There are two important shopping centres in Samanabad namely Main Market (between first and second roundabout) and the Mini Market near Central Model School, Zainab Masjid, Qayyum Park, Samanabad.
Pakki Thatti Chowk
Almumtaz Cinema the oldest cinema in the area
Hafiz wali Masjid,
Ghusia Masjid,
'Tahir Bakery', the most famous store in the area of Samanabad Lahore,
Rasheed Bakery the oldest bakery in the area,
Kazim General Store,
Pak Store,
Rehman Store,
Attique General Store (Has been ended after the death of parents of Mr. Attique),
Al-Buraq General Store.

There are markets in Samanabad including Main Market, Mini Market (Choti Market), Chiragh Market (Pakki Thatti Market).
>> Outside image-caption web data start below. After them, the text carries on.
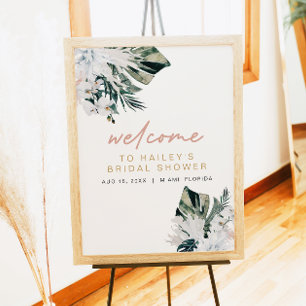 Roze Tropische Palm Pampas Bruiloft Borrel Affiche Poster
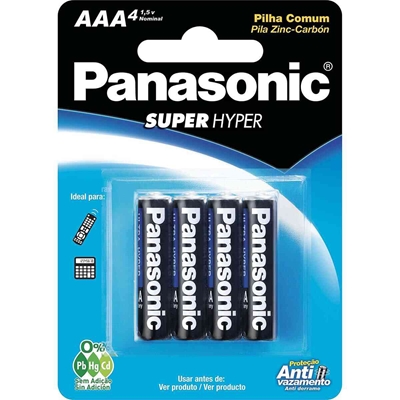 Pilha Comum Panasonic AAA Palito 4 Unidades R03UAL/4B400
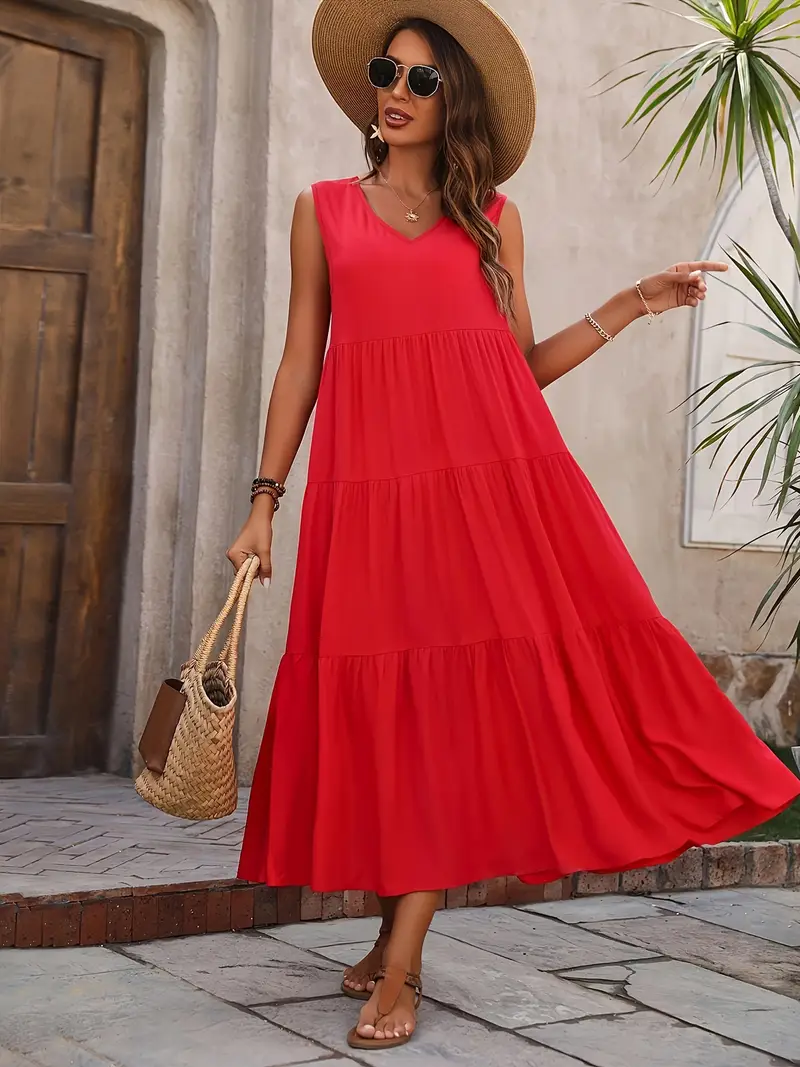 Monica Secrets | Casual Loose-Fit Dress With Ruffle Hem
The first two have been already discussed while Chiragh Market is a market place having shops of clothes, jewelry, household products, sweets, wedding related products, beuaty saloons etc.
Pakki Thatti is also famous as "Pakki Thatti Bus Stop" because this chowk was used to be the stoping point of buses going towards bhatti and railway station.
Bastami Road is also one of the most important, old and famous roads in Samanabad. It has some old mosques including Jamia Masjid bustamia hunfia, jamia masjid Baba Laal Shah and Aik Minar wali Masjid. The most famous point of Bastami Road is Mithai wala chowk. It has almost all kind of shops including from breakfast to sweets as well as household products too.